Im Film liest Christiane den Slogan des Sounds vor: "Sound – Europas modernste Diskothek". – Dieser Slogan scheint sich auf den ersten Blick auf die Ausstattung des Sounds zu beziehen: Als Kessi das erste Mal mit Christiane ins Sound geht und Christiane sie dabei beobachtet, wie sie Pillen weitergibt, kann man in der Scheibe hinter ihr ganz kurz ein Schild sehen, das vor Laser-Strahlen warnt. Heute in jedem CD-ROM-Laufwerk zu finden, war damals ein Laser eine – meiner Vermutung nach – absolute Rarität. Vermutlich war der Slogan in dieser Hinsicht nicht überzogen: Gut möglich, dass das Sound damals tatsächlich als einzige Diskothek in Europa mit einem Laser ausgestattet war. Modern war das Sound aber auch durch seine Musik: In der Musikszene setzte es Trends, und viele Gruppen wurden erst durch das Sound bekannt.

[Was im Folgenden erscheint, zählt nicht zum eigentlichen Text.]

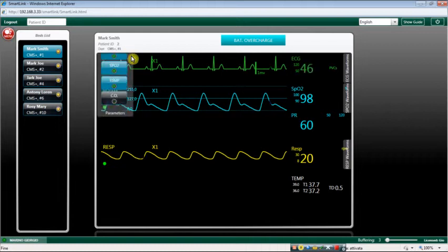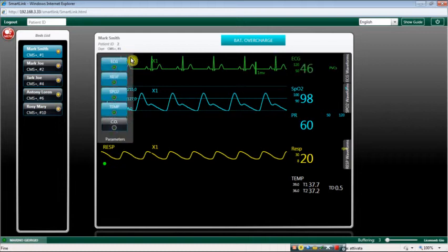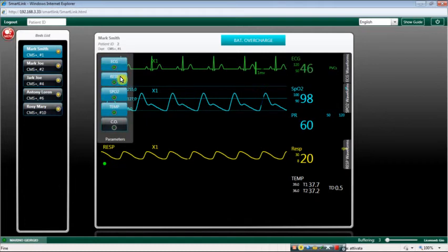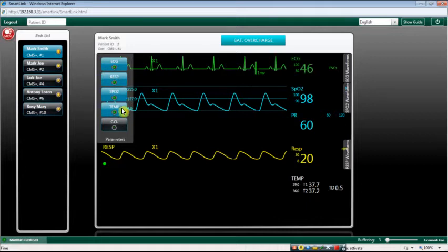Move the mouse on the parameters label to open the parameters list. The parameter set is the same as the selected patient's monitor. Different monitors can have different parameter sets.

Dazu der Ausstattung mit einem Laser kamen die Unterhaltungsangebote, die auf dem Plakat im Film nicht so gut zu erkennen sind, dafür aber in der Bilddatei, die – in größerer Auflösung – diesem Plakat zugrunde gelegen haben mag: "Bordkino -+- Cafe Snack -+- Terrarium -+- Tee- und Weinstube -+- Zeichenecke -+- Milchbar -+- Visiothek -+- TV-Studio -+- Schallplattenbörse -+- Eisteria -+- Laser-Projektion -+- Nebelmaschinen -+- Billard". Eine der beiden Einrichtungen "Visiothek" und "TV-Studio" wird im "Volks"mund schlicht "der Fernsehraum" genannt.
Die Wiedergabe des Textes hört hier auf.